Naturally, this transformation comes at a cost. However, the potential payoff is tremendous if we evolve into a profession that attracts the best and brightest talent. For companies that take the lead in this transformation, there are tremendous advantages. These include better financial performance, more effective teams, lower turnover, and improved culture. Even now, some forward-thinking companies see the shift happening. Furthermore, many receive tremendous returns on their investment.

Does Anyone Really Want to Become a Salesperson?

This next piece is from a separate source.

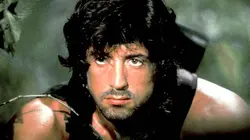 Rambo : First Blood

While attending a conference at a well-known university that offers a degree in professional selling, I was reminded of how few people intend to work in sales. The speaker recounted a survey conducted on students enrolled in their introductory sales course. Can you guess what percentage of students actually intended to become sales professionals? Zero percent! Amazing, isn’t it? Surprisingly, even people taking a class on selling don’t expect to become sales professionals. And yet, a significant portion of any given graduating class will likely end up in sales. This is despite having earned a degree in other areas, such as marketing, engineering, or art history.

Lastly, it’s worth saying that, n the future, this same survey will produce dramatically different outcomes. Someday, our most talented college graduates will compete for the chance to enter sales. In fact, sales will soon be known for its ongoing learning and development, in addition to the customer service it provides. However, this means a significant reduction in the number of motivational videos and books out there. And yet, it also means an unparalleled level of trust and respect for salespersons.